Battaglia di Caporetto
Se oggi il termine “Caporetto” è utilizzato come sinonimo di disfatta è perché quella che si consumò a Caporetto (oggi Kobarid, Slovenia) fu la più grave sconfitta mai subita da un esercito italiano. La Battaglia di Caporetto avvenne nel 2° anno di impegno dell’Italia nella Prima Guerra Mondiale.
Il Paese entrò in conflitto nel 1915 allo scopo, principalmente, di strappare Trento e Trieste all’Impero Austroungarico. A scontrarsi, anche a Caporetto, furono il Regio esercito italiano e le forze austroungariche e tedesche. Queste ultime giunsero in aiuto per far crollare il fronte occidentale, quello italiano.
Approfondimento
Antefatto: 11 battaglie sull’Isonzo
La Battaglia di Caporetto giunse come 12° atto dei conflitti sul fiume Isonzo. Una serie di avanzate e ritirate che causarono grandissime perdite da ambo le parti; esse impegnarono gli italiani, sotto il comando di Luigi Cadorna, per più di due anni.
Il fiume Isonzo fu uno dei luoghi principi degli scontri del 1917; come anche l’Altopiano di Asiago e quello del Carso, il Veneto settentrionale e il confine odierno fra Slovenia e Friuli Venezia Giulia.

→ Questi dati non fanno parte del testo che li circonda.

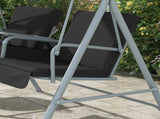 2 Seater Garden Swing Chair Patio Rocking Bench w/ Tilting Canopy, Double Padded Seats, Storage Bag T3398P315890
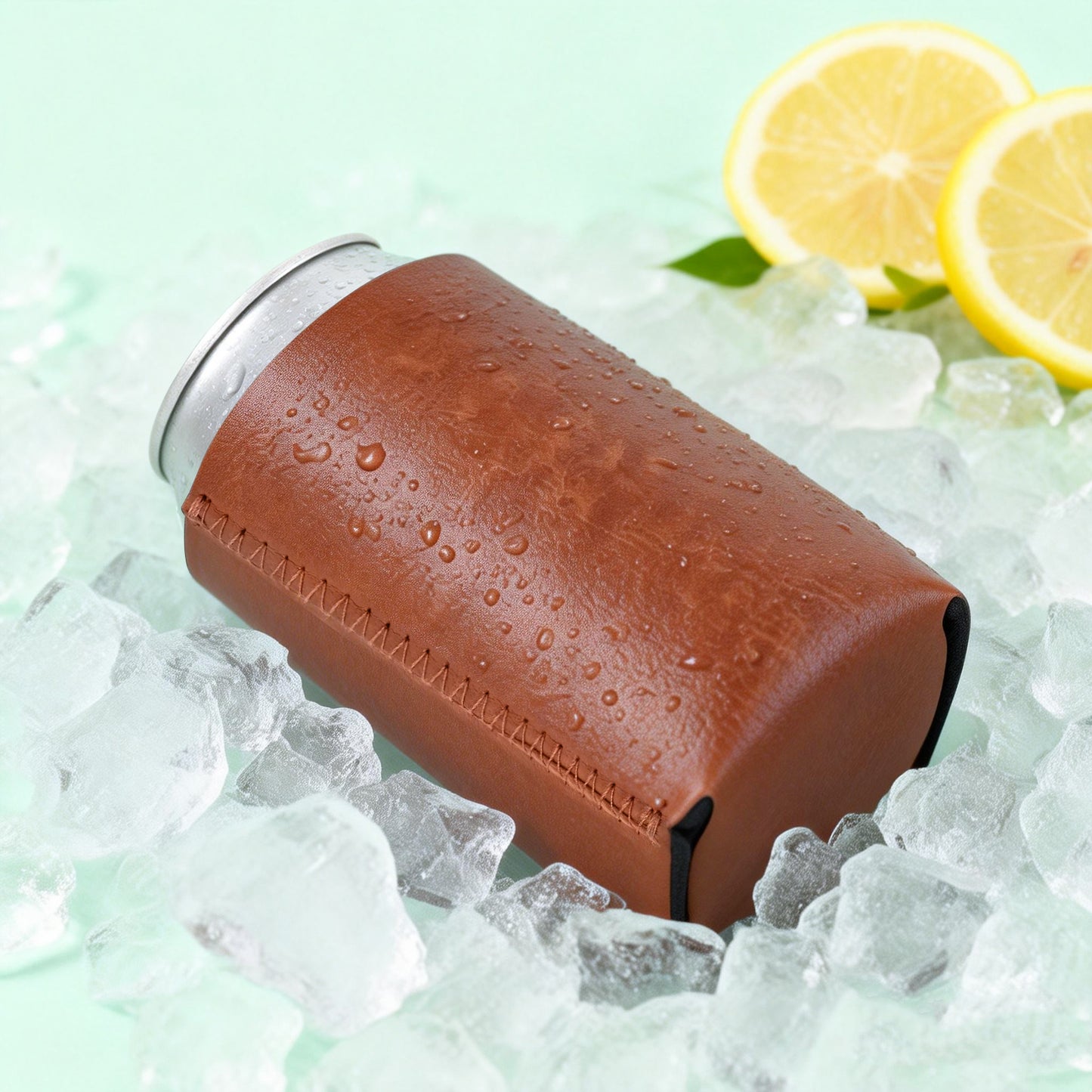 12oz PU Leather Can Cooler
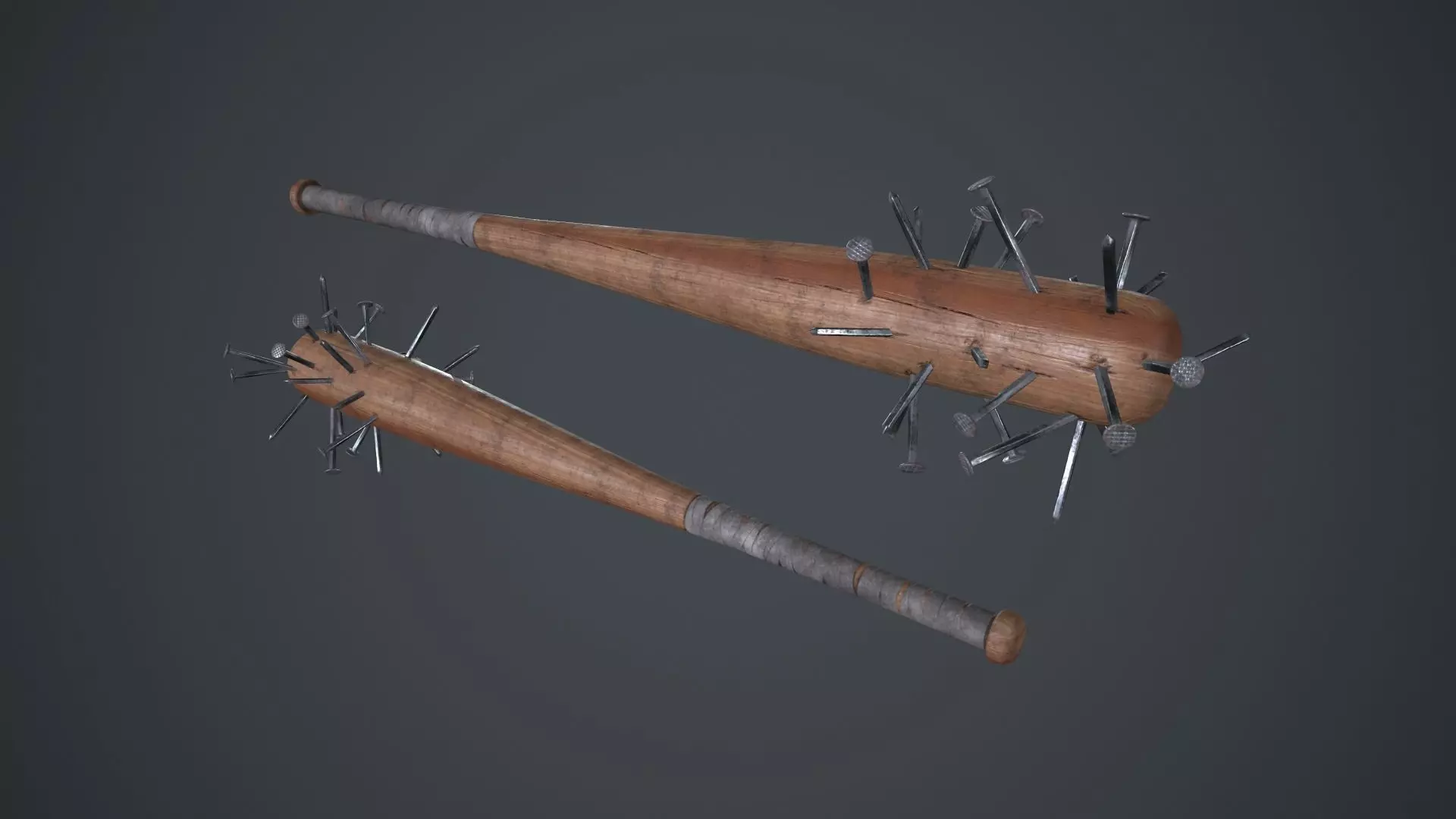 Baseball Bat Weapon With Metal Nails PBR Game Ready Low-poly 3D model_0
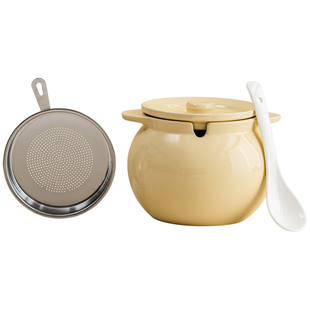 猪油罐厨房家用耐高温陶瓷带盖勺滤红油罐装荤油泼辣椒油罐储物罐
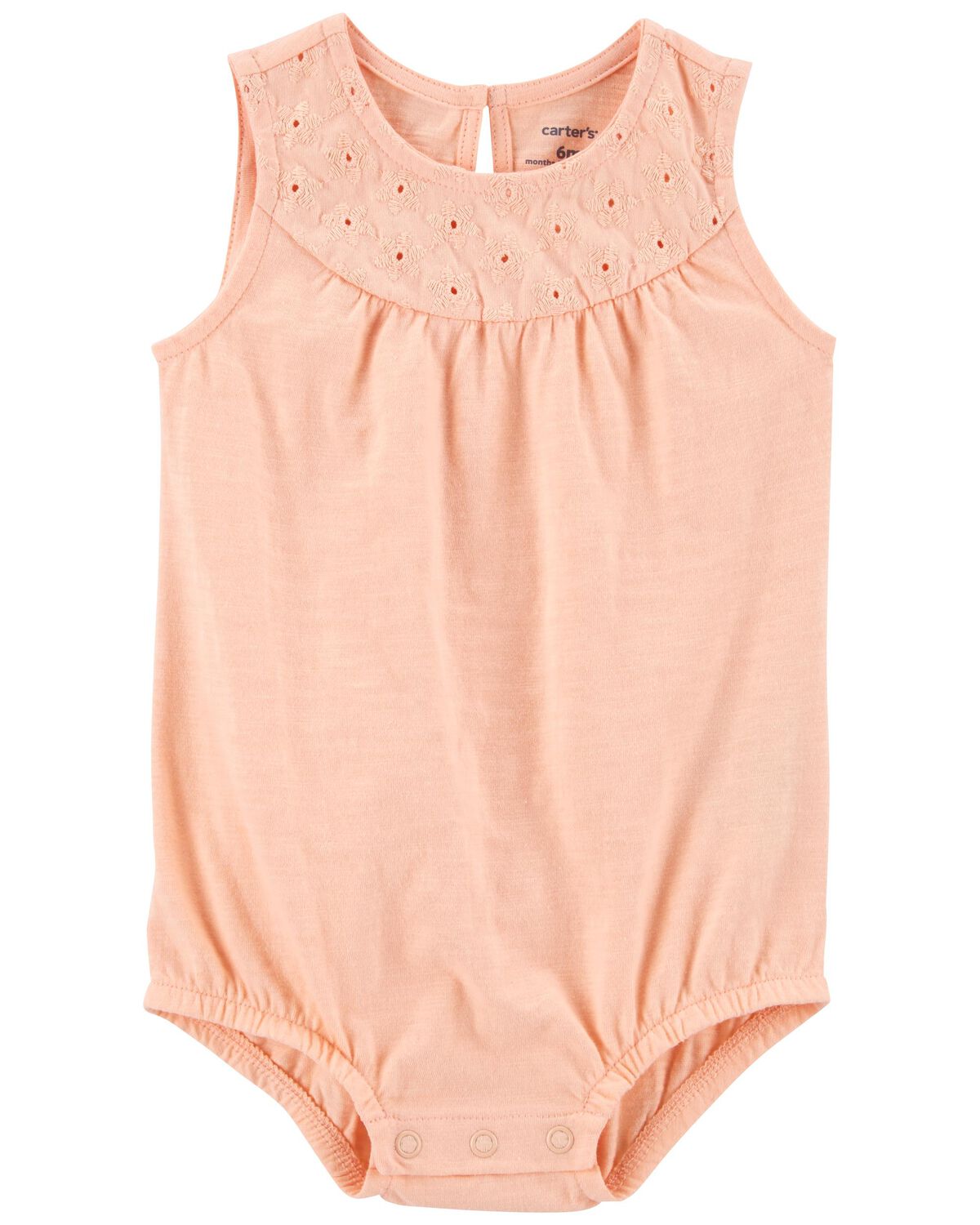 Peach Baby Sleeveless Romper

Battaglia di Caporetto: 3 fasi d’attacco e una grave sconfitta
L’attacco austroungarico a Caporetto iniziò il 24 ottobre 1917. L’evento è ricordato anche come 12ª battaglia dell’Isonzo.
Fase I
La prima fase fu quella del lancio di gas tossici. Gli italiani poterono resistere per due ore con le allora maschere antigas prima di abbandonare la prima linea.
Fase II
A seguire gli austroungarici misero in campo l’artiglieria con tonnellate di proiettili in caduta sulle linee di difesa dell’esercito italiano.
Fase III
In terza battuta, giunse la fanteria. Migliaia di soldati austriaci e tedeschi attaccarono gli schieramenti italiani. Ci fu una giornata intera di combattimenti, in cui questi ultimi non fecero che arretrare fino alla disfatta.
La disfatta
Quattro settimane dopo si ritirarono sulla linea del Piave. La disfatta di Caporetto costò all’Italia la vita di 40mila soldati e condusse in prigionia 365mila connazionali. La ritirata dei soldati italiani si protrasse per circa un mese.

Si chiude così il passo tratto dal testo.